これまで、教育資金の贈与には非課税枠がなかったが、今年度の税制改正で、父母又は祖父母等が子や孫(いずれも30歳未満に限る)に対して教育費として一括贈与した資金につき、1,500万円(学校等以外の者に支払われるものは500万円)を限度として贈与税を非課税とする制度が創設された。
要件と概要は、次のとおり。

1. 要件
直系尊属から子又は孫等への贈与で、平成25年4月1日から平成27年12月31日までの間に行われるものであること
信託受益権又は金銭又は有価証券の一括贈与で金融機関の口座で管理されるものであること
教育資金管理契約に基づくものであること
受贈者は贈与を受ける日までに教育資金非課税申告書を金融機関経由で、受贈者の納税地の所轄税務署長に提出すること
受贈者が教育費として支払った領収書等を金融機関に提出して、それを金融機関が確認し、記録、保存すること
領収書は、支払日、金額、支払者(宛名)、支払者の氏名又は名称及び住所又は所在地、摘要(教育費の内容)が明らかにされているものであること
2. 概要
祖父母だけでなく、直系尊属(父母、曾祖父母等)からの贈与が対象になる。養父母は対象になるが、配偶者の直系尊属や叔父・叔母、兄弟は対象にならない。

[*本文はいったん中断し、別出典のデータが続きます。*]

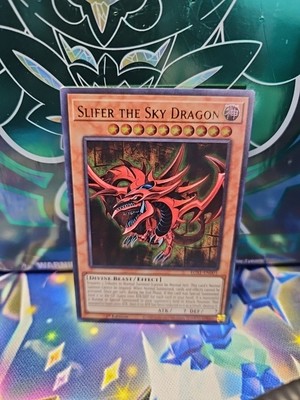 Slifer the Sky Dragon EGS1-EN001 Egyptian God Deck: Slifer the Sky Dragon 1st-image
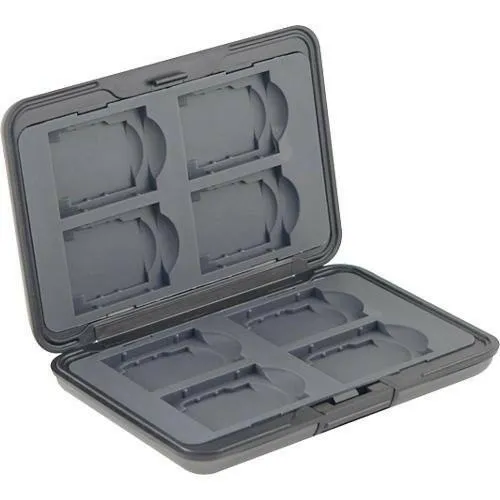 SD-1 Digital Memory Case - for 8 SD, MiniSD, or MicroSD Memory Cards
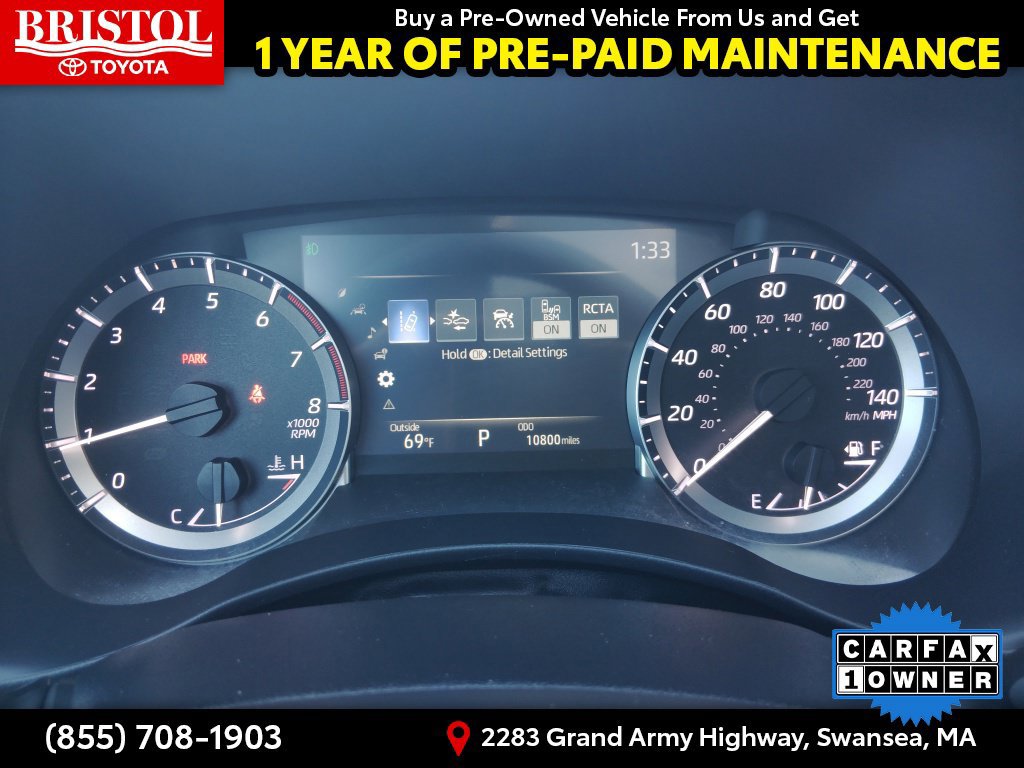 Used 2024 Toyota Highlander XLE AWD/4WD image 28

口座は、受贈者が30歳になった日に締められ、残額がある場合は、その残額をその日に贈与したものとして贈与税が課せられる。また、受贈者が30歳になる前に死亡した場合は、その口座の残額には贈与税は課せられない。
学校等には次のものが含まれる。
・幼稚園、小学校、中学校、高等学校、中等教育学校、特別支援学校
・大学、大学院
・高等専門学校
・専修学校、各種学校
・保育所、障害者通所支援事業が行われる施設、家庭的保育事業が行われる施設市町村が認定する児童保育事業、認定こども園
・外国にある日本の学校に相当する学校
・インターナショナルスクール等外国の施設のうち一定のもの
・水産大学校、海技大学校、海上技術短期大学校、海上技術学校、航空大学校、国立看護大学校
・職業能力開発総合大学校、職業訓練法人が設置する職業能力開発大学校・職業能力開発短期学校・職業能力開発校・職業能力開発促進センター、障害者職業能力開発校
対象となる教育費には、入学金、授業料、入園料、保育料、施設設備費、教育充実費、修学旅行、遠足費などで、学校等からの領収書があるもの(保育所の保育料で市町村の領収書があるものを含む)が該当し、このうち、学校等に支払ったものが1,500万円の非課税枠の対象になる。
業者などに支払ったもの(教科書代や学用品費、修学旅行費、学校給食費など)は対象にならないが、学校の教育に必要な費用で学生等の全部又は大部分が支払うべきものと学校等が認めたものは、500万円までの非課税の対象になる。
500万円までの非課税の対象には、上記二の他、次のような費用が該当する。
・塾や習い事など学校等以外の者に支払われる月謝、謝礼、入会金などの費用や施設利用料
・塾や習い事で使用する物品の費用で指導を行う者を通じて購入するもの(個人で購入したものは対象外)
塾や習い事の費用等は500万円を上限に教育費に含められ、これを合わせて総額1,500万円までが非課税となる。